One of the main points of contact for athletes, Schock-Leonard’s job is often busy and varies day to day.

“I’m pretty much in constant communication with sports psych since they’re next door to me and with our athletic trainers downstairs in our strength coaches, so just checking in about any sort of athletes of concern, any new injuries, things like that,” Schock-Leonard said. 

Along with communicating with colleagues and providing counseling sessions for athletes, Schock-Leonard educates each team on proper ways to fuel their bodies. 

“So we do cooking classes, we do grocery store tours, we do team education … five-to-10 minutes at a time with little bits, but I have education in the fueling station on our social media pages, and I cannot walk through this building without at least one track kid, usually, asking me a question,” Schock-Leonard said. 
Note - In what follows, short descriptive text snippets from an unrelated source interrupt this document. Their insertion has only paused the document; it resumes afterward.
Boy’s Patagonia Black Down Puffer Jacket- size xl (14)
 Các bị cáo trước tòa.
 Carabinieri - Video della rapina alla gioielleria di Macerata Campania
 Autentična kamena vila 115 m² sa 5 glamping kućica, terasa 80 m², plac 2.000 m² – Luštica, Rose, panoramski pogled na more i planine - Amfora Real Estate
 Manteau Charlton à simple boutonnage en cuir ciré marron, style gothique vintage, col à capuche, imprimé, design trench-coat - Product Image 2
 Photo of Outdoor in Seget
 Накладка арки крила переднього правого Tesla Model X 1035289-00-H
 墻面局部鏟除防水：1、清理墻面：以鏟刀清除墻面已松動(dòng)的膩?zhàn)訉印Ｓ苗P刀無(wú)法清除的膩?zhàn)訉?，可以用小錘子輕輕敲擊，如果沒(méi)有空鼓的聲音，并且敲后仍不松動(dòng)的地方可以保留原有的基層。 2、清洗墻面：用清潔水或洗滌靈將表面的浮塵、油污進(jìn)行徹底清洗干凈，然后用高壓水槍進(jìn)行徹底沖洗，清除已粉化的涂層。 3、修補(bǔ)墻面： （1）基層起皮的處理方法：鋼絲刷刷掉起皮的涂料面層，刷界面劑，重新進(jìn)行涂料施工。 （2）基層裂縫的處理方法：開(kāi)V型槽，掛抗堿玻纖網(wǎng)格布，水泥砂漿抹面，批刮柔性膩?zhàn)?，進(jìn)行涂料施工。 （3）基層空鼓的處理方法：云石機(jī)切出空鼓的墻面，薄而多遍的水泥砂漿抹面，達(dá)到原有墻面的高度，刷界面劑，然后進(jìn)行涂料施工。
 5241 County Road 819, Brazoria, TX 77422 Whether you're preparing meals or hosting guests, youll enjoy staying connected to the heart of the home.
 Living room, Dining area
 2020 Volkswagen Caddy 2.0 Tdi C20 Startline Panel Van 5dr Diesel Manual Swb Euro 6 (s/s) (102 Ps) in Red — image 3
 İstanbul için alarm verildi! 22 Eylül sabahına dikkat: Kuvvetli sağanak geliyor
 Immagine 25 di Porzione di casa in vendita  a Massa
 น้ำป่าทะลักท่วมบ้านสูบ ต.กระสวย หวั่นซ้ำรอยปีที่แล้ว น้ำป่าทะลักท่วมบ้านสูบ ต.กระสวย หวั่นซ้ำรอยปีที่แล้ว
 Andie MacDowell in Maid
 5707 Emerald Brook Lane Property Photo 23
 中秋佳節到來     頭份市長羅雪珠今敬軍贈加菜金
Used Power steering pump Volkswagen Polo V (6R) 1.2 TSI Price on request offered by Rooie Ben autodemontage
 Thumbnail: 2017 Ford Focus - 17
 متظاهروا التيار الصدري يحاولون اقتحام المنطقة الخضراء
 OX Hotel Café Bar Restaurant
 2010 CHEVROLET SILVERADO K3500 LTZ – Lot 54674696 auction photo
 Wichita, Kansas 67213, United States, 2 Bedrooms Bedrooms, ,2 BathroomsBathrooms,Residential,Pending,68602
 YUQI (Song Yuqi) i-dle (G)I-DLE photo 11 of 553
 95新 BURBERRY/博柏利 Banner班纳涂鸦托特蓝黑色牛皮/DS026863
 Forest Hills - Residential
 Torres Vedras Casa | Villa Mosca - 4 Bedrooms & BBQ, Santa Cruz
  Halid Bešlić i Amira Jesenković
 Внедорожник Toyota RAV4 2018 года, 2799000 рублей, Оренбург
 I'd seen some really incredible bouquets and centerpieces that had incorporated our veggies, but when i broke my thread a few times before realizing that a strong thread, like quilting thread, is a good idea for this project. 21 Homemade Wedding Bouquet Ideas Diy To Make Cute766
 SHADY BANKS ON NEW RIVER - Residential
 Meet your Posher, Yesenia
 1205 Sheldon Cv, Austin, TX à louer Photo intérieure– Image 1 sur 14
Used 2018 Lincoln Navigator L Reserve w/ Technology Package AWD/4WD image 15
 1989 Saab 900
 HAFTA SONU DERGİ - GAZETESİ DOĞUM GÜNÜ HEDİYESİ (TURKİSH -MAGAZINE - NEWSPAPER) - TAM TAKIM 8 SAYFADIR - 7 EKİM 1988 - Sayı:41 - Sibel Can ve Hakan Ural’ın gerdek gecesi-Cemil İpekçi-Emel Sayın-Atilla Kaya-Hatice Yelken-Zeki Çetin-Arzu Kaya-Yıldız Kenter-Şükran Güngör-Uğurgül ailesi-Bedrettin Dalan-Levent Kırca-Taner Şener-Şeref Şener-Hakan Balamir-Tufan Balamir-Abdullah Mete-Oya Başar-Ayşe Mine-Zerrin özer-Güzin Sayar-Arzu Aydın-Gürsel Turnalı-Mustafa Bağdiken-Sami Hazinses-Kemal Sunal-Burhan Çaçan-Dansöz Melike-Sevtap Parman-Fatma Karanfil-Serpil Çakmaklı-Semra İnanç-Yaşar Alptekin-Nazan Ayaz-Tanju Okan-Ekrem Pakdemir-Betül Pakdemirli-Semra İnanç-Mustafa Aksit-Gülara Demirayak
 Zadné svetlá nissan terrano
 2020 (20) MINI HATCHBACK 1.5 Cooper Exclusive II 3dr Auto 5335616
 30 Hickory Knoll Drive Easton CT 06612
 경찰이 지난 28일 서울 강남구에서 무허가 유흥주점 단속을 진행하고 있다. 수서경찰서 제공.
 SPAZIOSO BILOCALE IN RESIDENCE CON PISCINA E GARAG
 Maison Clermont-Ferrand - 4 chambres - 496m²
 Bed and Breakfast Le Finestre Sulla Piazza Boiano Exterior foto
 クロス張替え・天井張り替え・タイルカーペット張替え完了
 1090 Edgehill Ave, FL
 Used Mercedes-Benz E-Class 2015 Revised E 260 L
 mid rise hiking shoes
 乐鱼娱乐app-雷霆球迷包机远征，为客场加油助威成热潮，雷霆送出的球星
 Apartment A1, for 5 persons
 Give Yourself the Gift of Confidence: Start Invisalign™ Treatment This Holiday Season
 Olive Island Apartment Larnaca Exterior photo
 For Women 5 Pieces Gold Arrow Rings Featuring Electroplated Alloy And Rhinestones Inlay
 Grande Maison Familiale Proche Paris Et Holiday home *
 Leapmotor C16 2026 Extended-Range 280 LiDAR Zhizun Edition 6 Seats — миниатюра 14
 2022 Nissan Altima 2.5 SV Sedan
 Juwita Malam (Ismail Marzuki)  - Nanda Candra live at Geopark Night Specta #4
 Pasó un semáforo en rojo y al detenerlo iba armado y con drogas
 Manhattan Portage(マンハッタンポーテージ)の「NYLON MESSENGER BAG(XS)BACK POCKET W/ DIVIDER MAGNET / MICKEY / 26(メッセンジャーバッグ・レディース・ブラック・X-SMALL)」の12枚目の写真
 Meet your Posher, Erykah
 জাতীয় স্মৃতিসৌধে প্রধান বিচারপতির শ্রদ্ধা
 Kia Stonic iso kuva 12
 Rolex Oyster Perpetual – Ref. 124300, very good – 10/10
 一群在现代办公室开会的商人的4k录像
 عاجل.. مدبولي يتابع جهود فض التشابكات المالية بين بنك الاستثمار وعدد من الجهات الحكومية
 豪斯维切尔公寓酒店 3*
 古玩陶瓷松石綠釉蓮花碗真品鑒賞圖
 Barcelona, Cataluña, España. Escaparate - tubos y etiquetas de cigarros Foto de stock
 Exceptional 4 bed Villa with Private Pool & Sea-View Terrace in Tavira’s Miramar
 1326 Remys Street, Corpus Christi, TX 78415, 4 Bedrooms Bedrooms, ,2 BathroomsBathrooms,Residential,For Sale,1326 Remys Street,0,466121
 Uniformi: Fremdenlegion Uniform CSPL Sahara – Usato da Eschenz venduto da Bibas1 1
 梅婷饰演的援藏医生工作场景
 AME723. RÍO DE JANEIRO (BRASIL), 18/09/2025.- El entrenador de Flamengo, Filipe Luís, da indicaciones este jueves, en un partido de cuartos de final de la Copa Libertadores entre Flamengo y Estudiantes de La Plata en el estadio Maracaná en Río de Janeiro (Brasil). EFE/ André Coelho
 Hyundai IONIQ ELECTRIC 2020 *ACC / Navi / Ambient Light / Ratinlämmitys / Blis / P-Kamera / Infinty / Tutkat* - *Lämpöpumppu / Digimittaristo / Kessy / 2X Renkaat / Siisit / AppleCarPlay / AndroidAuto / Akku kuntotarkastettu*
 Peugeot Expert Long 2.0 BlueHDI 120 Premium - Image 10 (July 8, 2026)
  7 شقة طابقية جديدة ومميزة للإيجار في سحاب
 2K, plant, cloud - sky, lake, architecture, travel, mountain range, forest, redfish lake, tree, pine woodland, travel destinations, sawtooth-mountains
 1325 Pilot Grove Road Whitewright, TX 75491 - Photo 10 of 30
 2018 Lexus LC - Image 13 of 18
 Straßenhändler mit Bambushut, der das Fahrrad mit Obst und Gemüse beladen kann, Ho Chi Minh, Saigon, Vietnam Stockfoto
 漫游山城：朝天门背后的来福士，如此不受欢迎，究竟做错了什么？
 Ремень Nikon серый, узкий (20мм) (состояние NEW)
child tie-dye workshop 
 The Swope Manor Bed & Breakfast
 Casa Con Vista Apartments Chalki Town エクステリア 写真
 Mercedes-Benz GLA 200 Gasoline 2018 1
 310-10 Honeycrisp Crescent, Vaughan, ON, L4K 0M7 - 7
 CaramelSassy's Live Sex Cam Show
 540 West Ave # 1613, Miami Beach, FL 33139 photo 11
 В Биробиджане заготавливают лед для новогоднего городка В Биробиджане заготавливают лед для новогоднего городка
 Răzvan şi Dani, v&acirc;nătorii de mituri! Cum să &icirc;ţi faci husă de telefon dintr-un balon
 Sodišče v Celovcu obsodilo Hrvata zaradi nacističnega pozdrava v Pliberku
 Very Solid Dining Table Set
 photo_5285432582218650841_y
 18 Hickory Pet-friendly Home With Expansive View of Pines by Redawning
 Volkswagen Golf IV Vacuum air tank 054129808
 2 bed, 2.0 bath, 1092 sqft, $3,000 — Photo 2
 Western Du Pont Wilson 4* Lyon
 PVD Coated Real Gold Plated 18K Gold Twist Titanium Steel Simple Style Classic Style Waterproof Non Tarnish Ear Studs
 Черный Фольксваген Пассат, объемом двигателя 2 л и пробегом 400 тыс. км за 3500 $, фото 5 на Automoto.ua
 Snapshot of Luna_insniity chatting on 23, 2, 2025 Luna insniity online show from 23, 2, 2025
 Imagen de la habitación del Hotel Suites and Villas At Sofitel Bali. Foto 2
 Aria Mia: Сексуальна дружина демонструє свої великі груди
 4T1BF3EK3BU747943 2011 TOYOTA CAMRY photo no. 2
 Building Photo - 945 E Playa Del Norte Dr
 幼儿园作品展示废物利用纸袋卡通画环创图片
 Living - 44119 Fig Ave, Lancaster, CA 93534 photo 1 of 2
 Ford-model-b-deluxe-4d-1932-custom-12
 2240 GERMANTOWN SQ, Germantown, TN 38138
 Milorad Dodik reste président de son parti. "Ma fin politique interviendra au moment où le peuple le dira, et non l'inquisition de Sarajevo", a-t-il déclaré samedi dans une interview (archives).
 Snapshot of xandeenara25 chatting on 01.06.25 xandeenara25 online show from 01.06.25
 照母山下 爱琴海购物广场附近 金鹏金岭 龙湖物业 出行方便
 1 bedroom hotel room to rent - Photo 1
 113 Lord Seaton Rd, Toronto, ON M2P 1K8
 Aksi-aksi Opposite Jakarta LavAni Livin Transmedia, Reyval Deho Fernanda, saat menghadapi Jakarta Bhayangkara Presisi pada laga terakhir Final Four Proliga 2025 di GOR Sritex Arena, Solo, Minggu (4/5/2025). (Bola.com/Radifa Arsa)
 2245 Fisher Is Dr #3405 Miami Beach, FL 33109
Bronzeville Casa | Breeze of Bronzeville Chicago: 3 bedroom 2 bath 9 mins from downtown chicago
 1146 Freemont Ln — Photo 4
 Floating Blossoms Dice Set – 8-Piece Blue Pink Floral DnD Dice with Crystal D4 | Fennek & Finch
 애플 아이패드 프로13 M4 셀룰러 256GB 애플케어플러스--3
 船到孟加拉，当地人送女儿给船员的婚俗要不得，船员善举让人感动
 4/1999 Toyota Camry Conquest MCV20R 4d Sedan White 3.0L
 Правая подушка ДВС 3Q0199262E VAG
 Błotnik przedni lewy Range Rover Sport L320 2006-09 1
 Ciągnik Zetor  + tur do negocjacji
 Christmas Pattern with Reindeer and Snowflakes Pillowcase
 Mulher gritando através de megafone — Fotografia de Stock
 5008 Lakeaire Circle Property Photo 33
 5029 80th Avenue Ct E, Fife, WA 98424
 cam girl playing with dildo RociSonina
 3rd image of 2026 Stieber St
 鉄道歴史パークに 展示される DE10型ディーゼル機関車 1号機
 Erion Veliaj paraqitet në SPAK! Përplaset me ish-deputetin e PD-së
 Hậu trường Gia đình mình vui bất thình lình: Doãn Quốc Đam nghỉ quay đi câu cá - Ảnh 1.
Although athletes have several options to increase their nutrition, there are still difficulties to keeping an athlete fully healthy. For DeVreugd, her biggest obstacle is getting enough sleep each night. 

“Being in grad school and also being a student athlete is a huge time commitment, so I often find myself with little free time throughout the day to catch up on my own homework, so I am up late doing it,” DeVruegd said. “This obviously affects most aspects of my health from mental health to muscle recovery and just overall well-being.” 

Fortunately, athletes with nutrition or exercise-related majors can apply what they learn in the classroom to their daily lives. 

“Part of why I love rowing and being a kinesiology major is because I can see how what I’m learning in class impacts my team,” DeVruegd said. “I think part of why I like the training so much is because I have been able to learn why we do each workout and how it can benefit our team in the long run.”

Athletes can receive a plethora of advice to improve their health and overcome challenges. 

“I would say pay attention to education,” Schock-Leonard said. “Social media is full of people who know absolutely nothing about nutrition but are very convincing, and so use an actual registered dietician as your information source rather than some dude with a six-pack on TikTok.”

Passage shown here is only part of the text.